Is Within Yourself
Credits:
Picture: N/a; Words: AG |
Words by “El” Rehema Mussanzi
I was
watching a TED Talk this morning by Lisa Bu entitled “How books can open your
mind” in which she shares her unique approach to reading with an enthusiastic
audience in Long Beach, California, when I had an epiphany. About half way
through the talk she made a comment which sparked me to examine what we, as
human beings, consider to be the art of
being happy. She said “it’s through translation that I realised ‘happiness’
in Chinese literally means ‘fast joy’”.
Really! Fast joy?
Well,
it occurred to me that the one question we all ask ourselves at varying points
in life is what is the goal of living? How does one live a happy life?
While
working on the book To Have or To Be?
Erich Fromm wrote far more manuscripts and chapters than were actually used in
the book published in the mid 1970s. Some of those chapters were later collated
to make The Art of Being which was
first published in Great
Britain in 1993. In The Art of Being, Fromm provides some firm answers to the first
question asked above and I would highly recommend the book although one has to
read it keeping in mind the context in which it was written. In the book, he
alludes to the fact that people will generally give different answers to the
question, what makes life meaningful? Some will say love, others power, others
fame, others pleasure; but most will say happiness.

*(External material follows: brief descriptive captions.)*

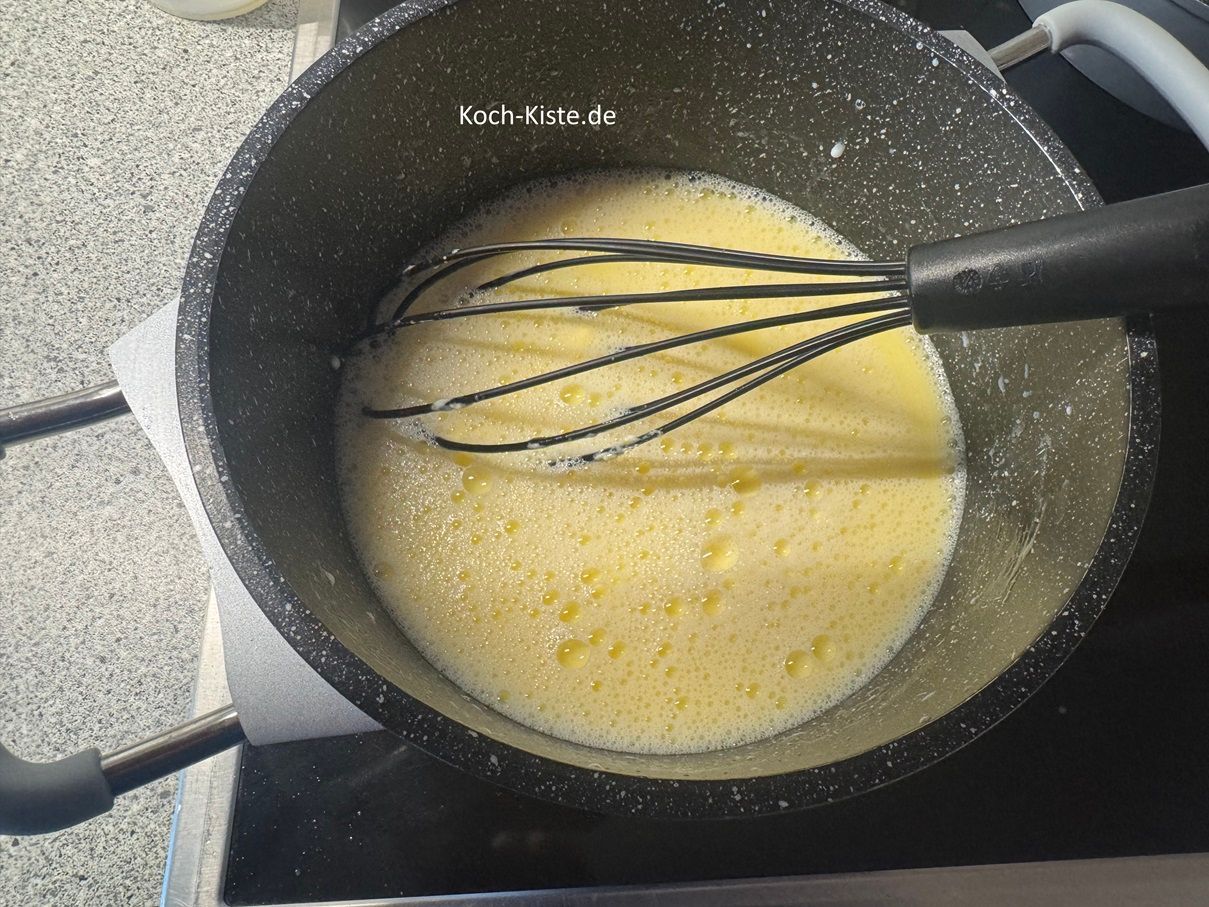 und lasse unter kleiner Hitze die Butter schmelzen - ACHTUNG die Milch darf nur lauwarm werden - NICHT kochen - sonst geht die Hefe nicht mehr auf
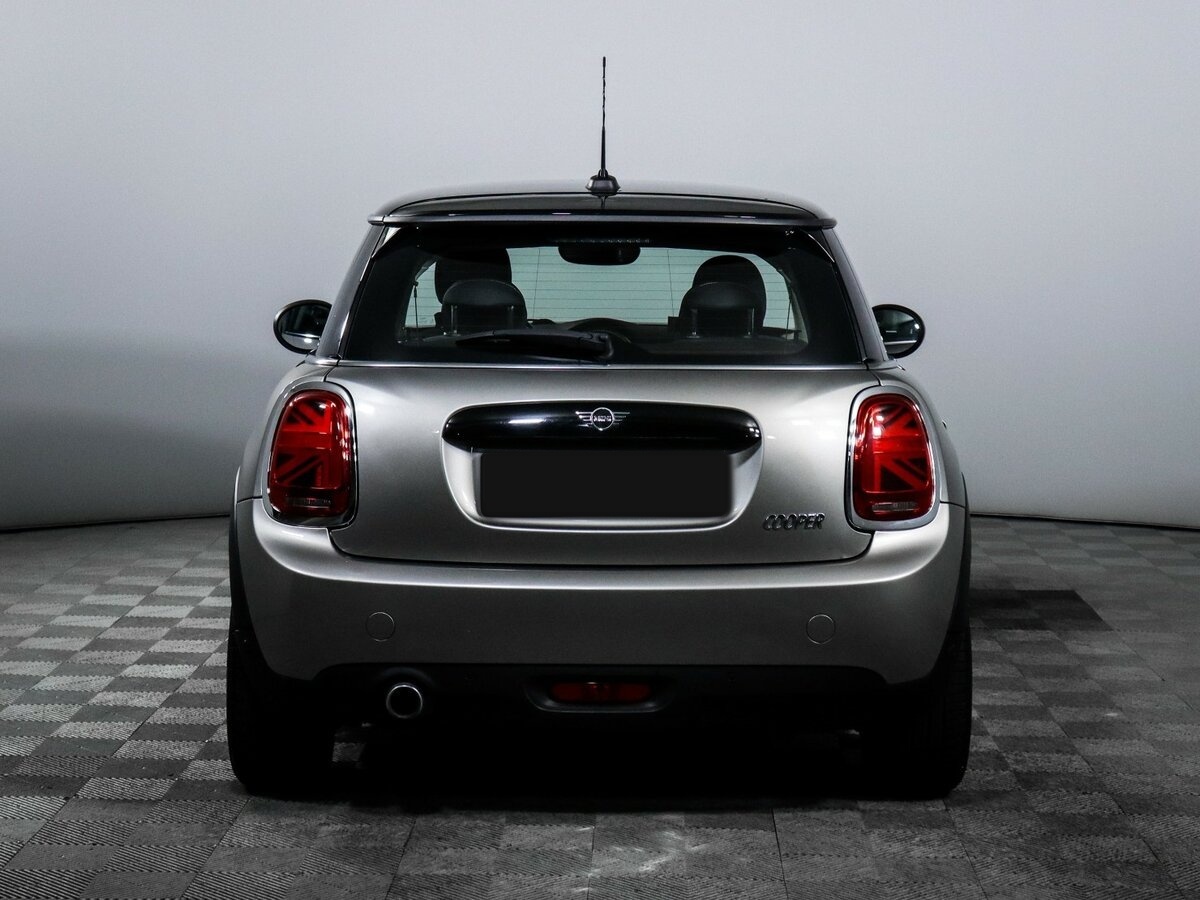 Mini Hatch с пробегом — 2018 год. Фото: #4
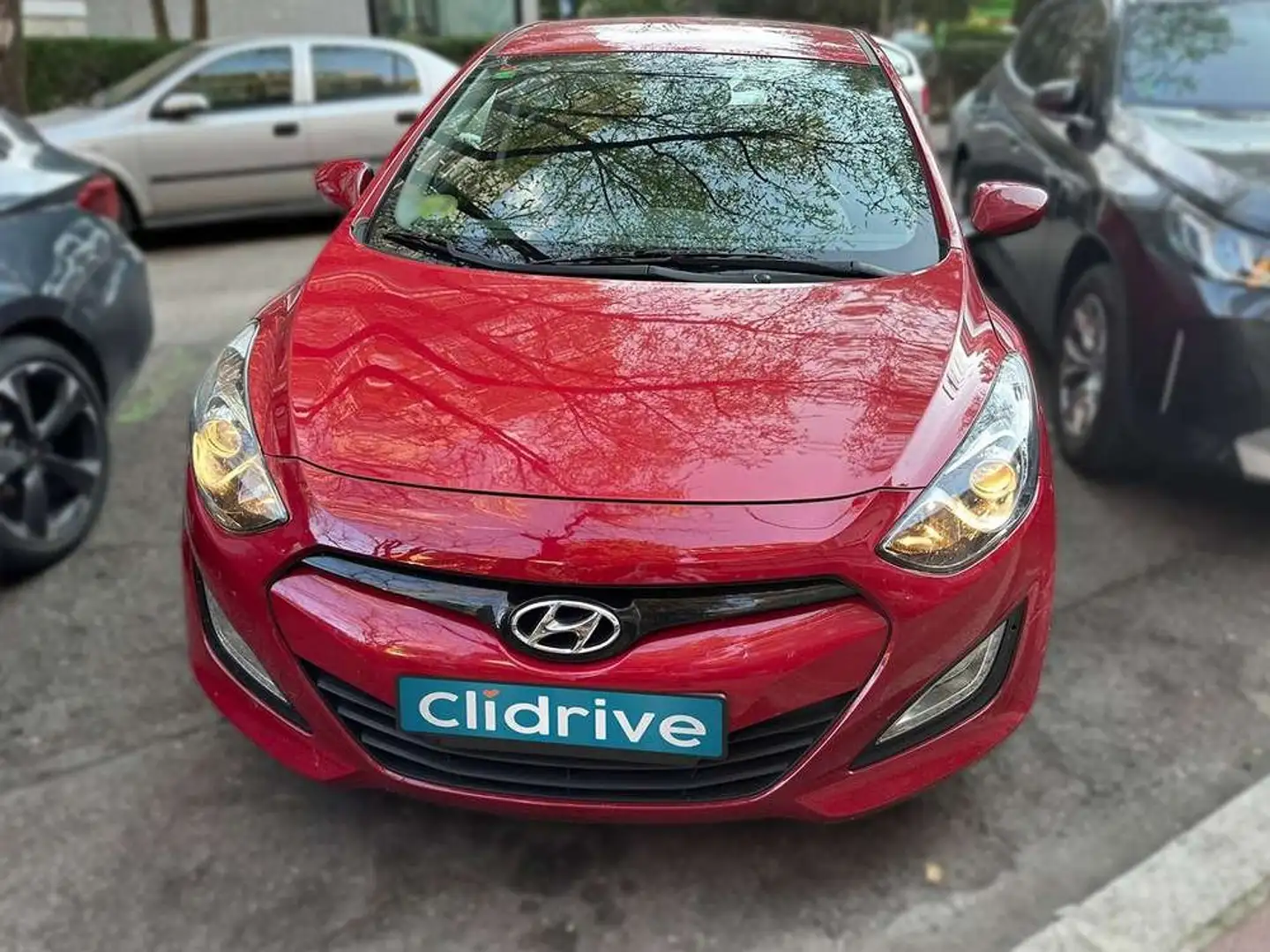 Hyundai i30 1.4CRDi City Rojo - 2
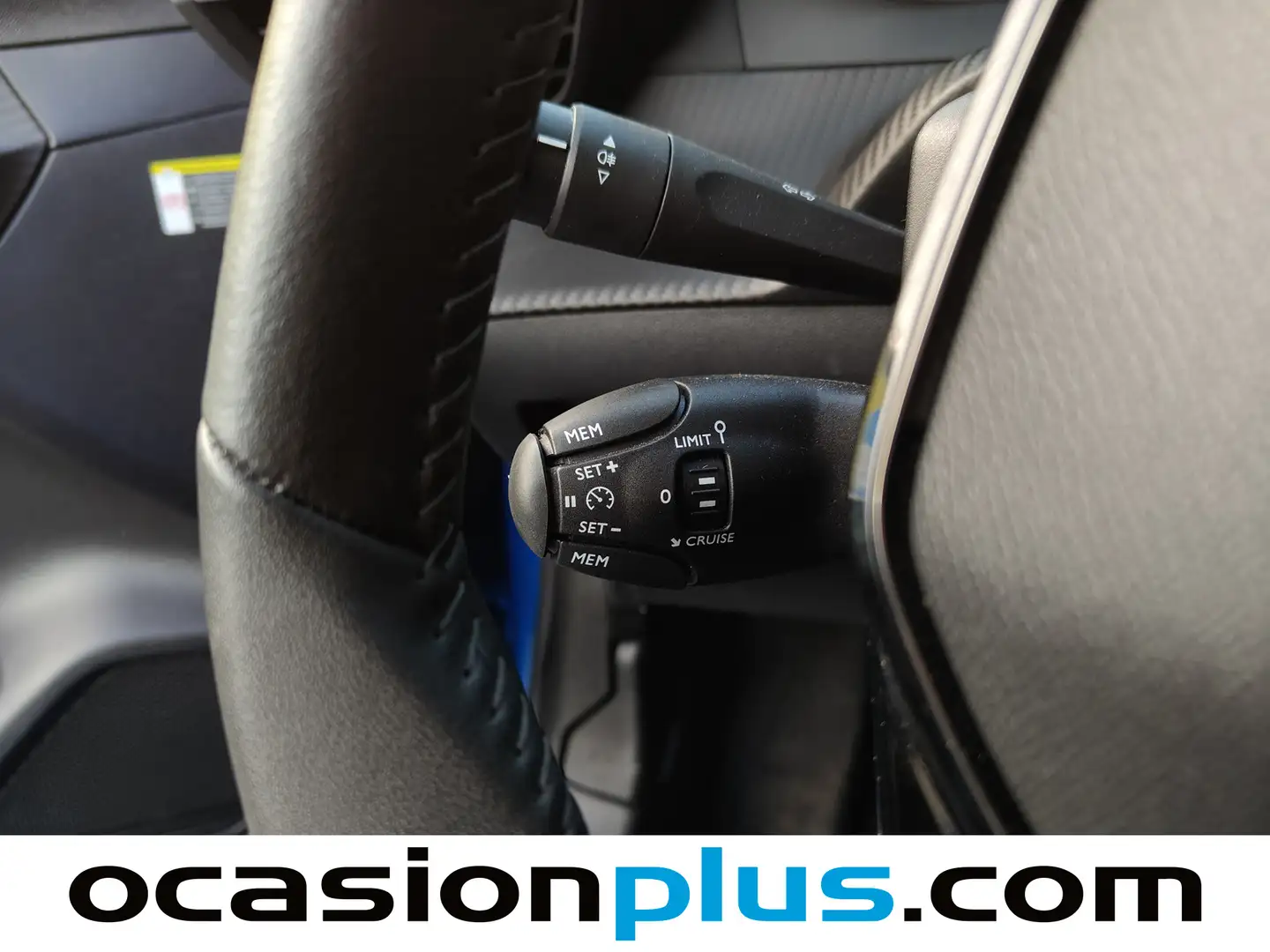 Foto Peugeot 208 Peugeot 208 PureTech 100 Allure (100 CV)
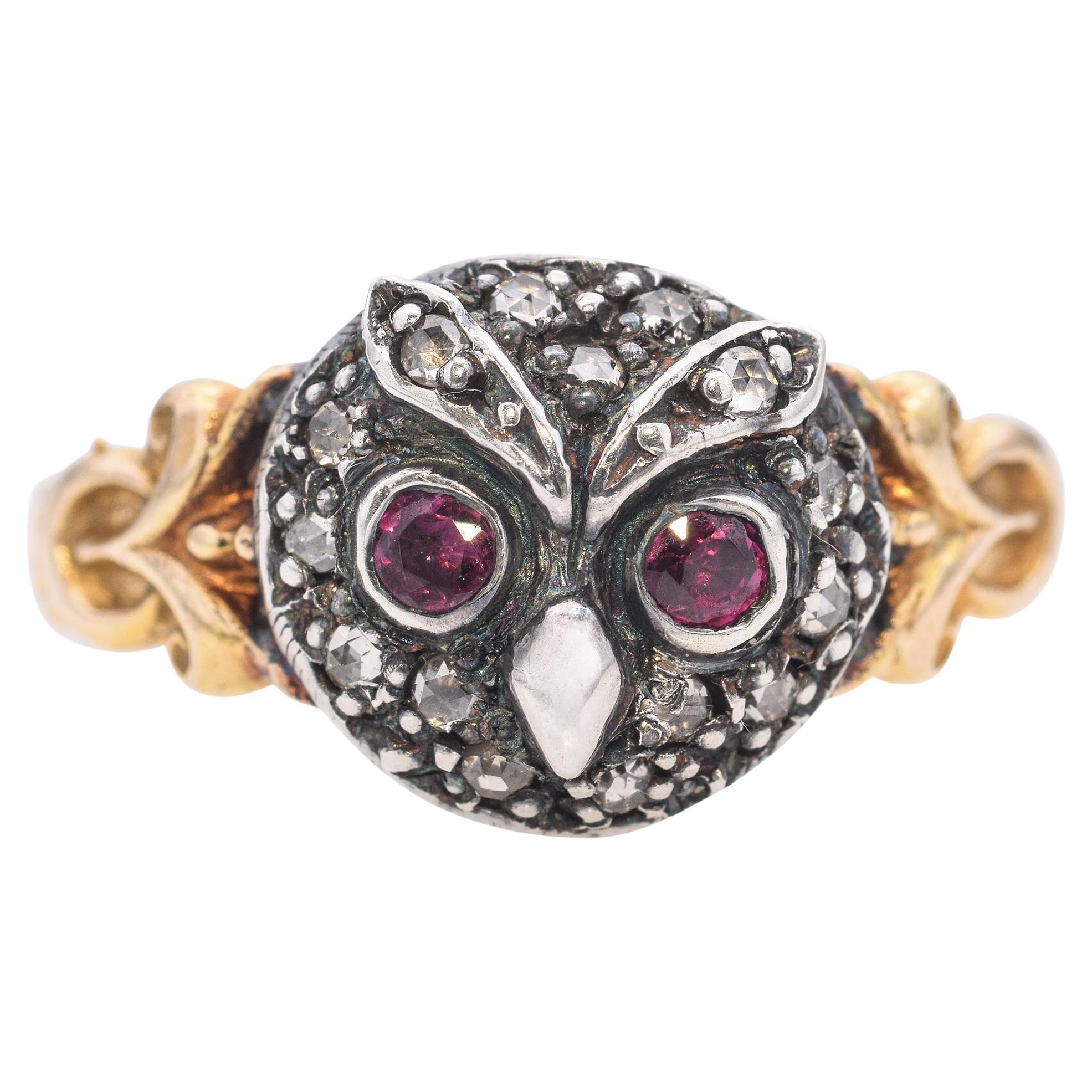 Anillo antiguo de oro amarillo de 18 quilates de plata de ley con un búho de rubíes y diamantes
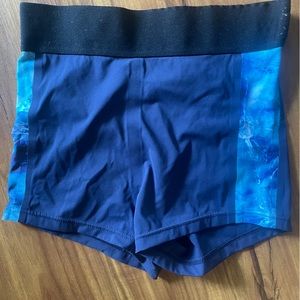 Abysse shorts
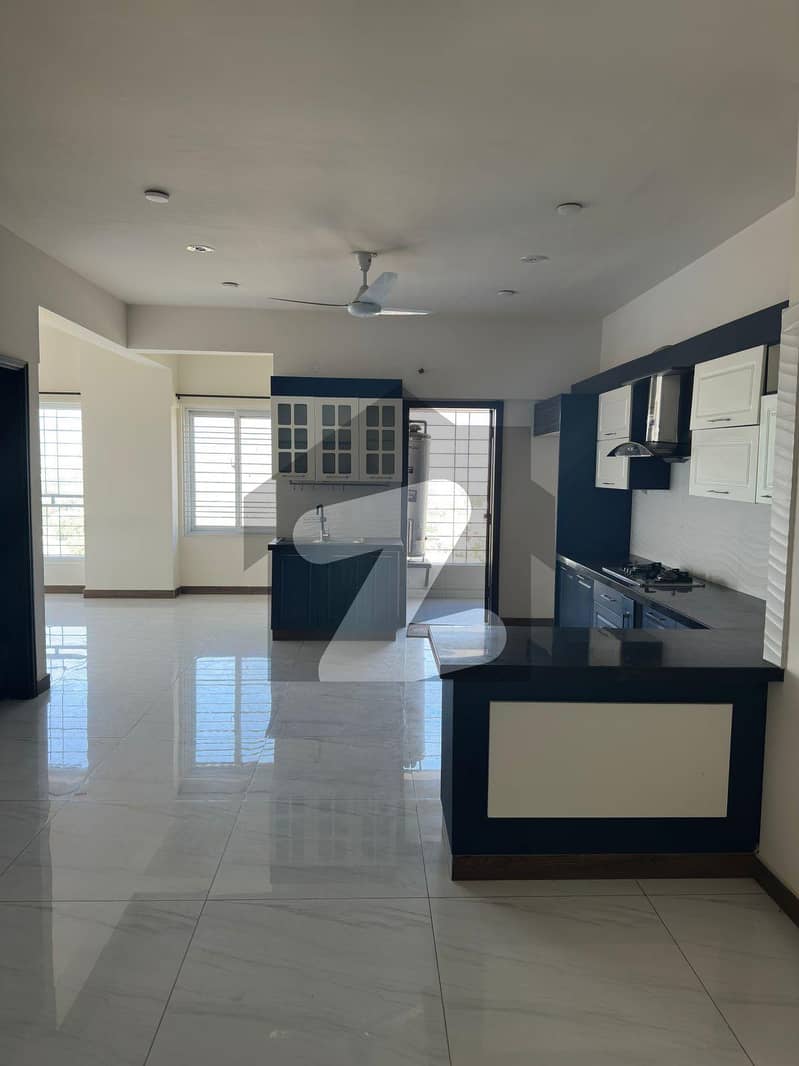 Creek View Tower, Apartment Available For Rent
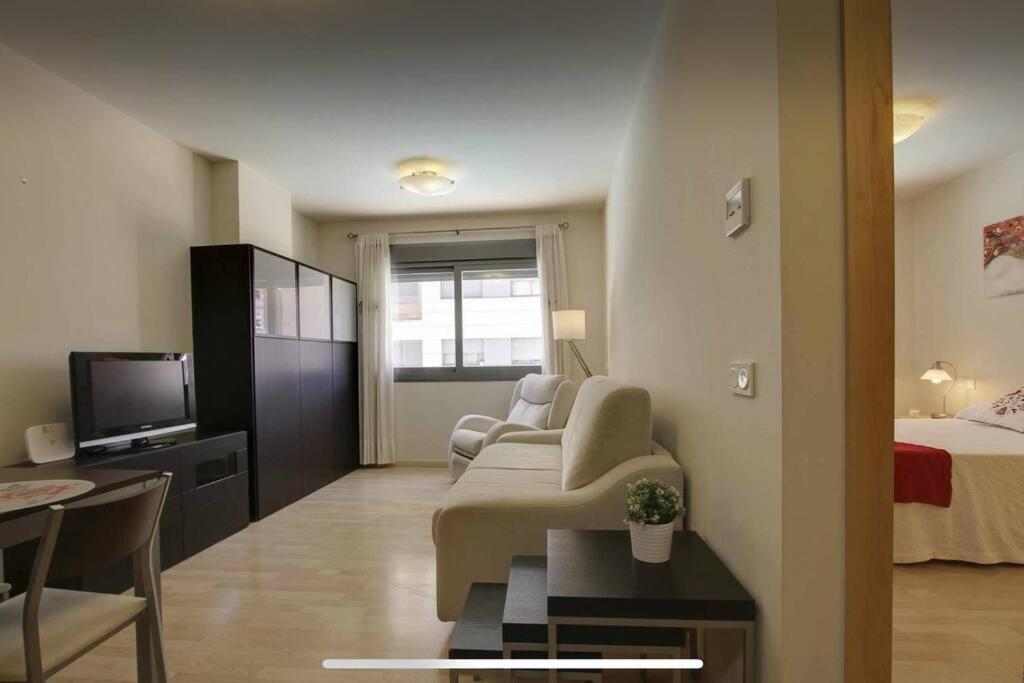 Pacifico P4 - Bonito Apartamento Con Piscina & Parking, Playa A 100 Metros Apartment Malaga Luaran gambar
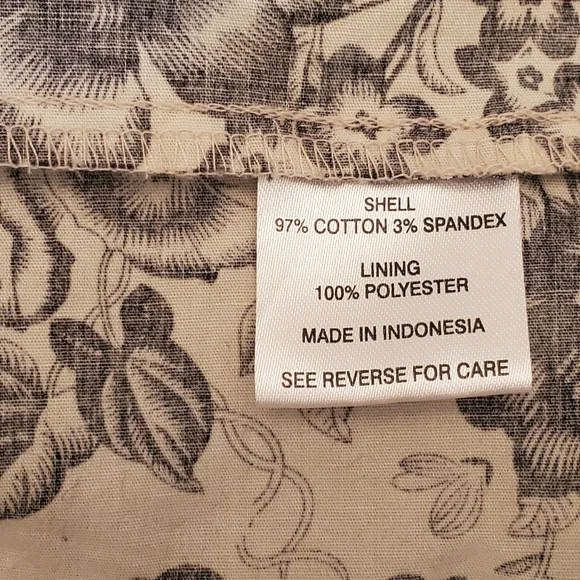 Kim Rogers Spring Dress Black and Tan Floral Size 12P - Picture 8 of 9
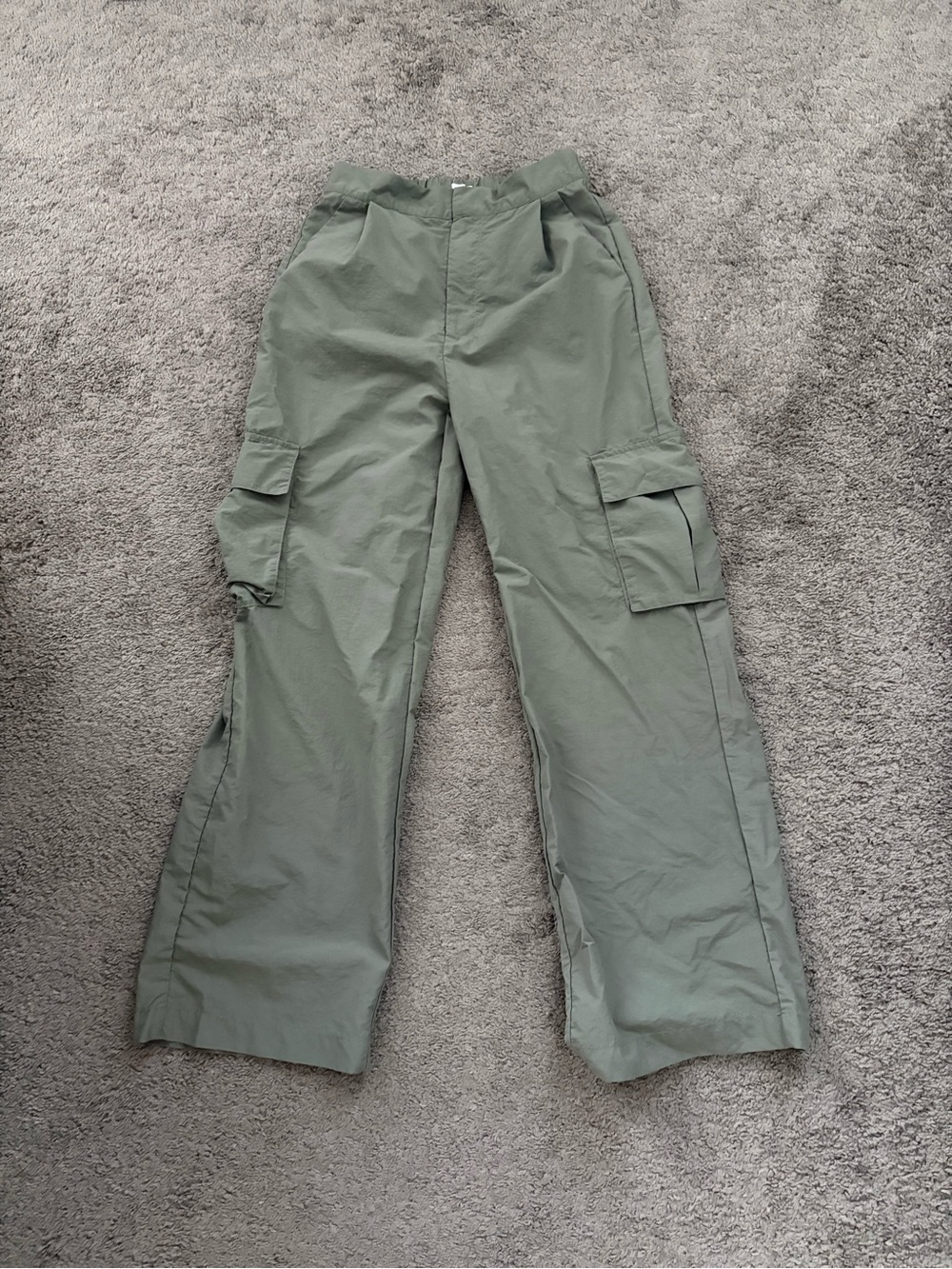 Wide Leg Cargo Pants in Olive Green for Women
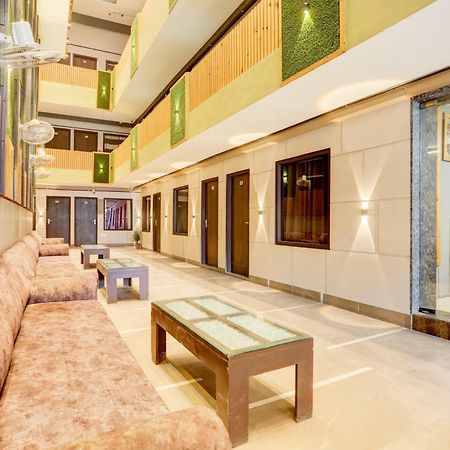 Super Townhouse Haibowal Chowk Ludhiana Exterior photo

This is what philosophers and theologians over the years have declared to be
the aim of human striving. What then is happiness?
Is it a state of mind or is it simply a ‘fast
joy’? Let’s examine the latter first.
Today
we live in a world that thrives on offering us fast joys. Most songs in the
popular music genre played on radios and music channels on TV last on average
three minutes. Thirty seconds television and radio adverts promoting “revolutionary”
products that we have to buy in order to remain “current” form arguably the bedrock
of our capitalist societies. Hollywood movies
exploit our short-term memories by transporting us into other realities for an
average of an hour and a half only for us to be teleported back into the real reality. Pornographic websites are
as accessible as they have ever been providing fast joys while arguably destroying
the real meaning of love and sex. I
could go on and on but I hope we get the point. It has to be noted however that
the same points raised on fast joys may form part of the real source of happiness for others. Relativity has to
be taken into perspective and circumstances may demand we seek fast joys to
enhance our state of happiness. Nonetheless, total reliance on fast joys is not
sustainable to live a happy life. What constitutes a sustainable happy life then?
The
Oxford Dictionary defines the noun pleasure as “a feeling of happy satisfaction
and enjoyment”. It can therefore be argued that happiness stems from pleasure. And
if that is the case, sustainable happiness then means finding pleasure in a
chosen long-term career or spending more time with the people we love, etc. Again
this is a relative thing. Some people will say they find sustainable happiness
in giving, others in their belief in God, others in caring for the weak, others
in scientific breakthroughs; and most will say in a countless of things.
Happiness
is very much subjective and I suspect everyone will have or ought to have an
opinion on what makes them happy. The challenge however is that there is no
such thing as life without pain. Pleasure and pain replace each other in life.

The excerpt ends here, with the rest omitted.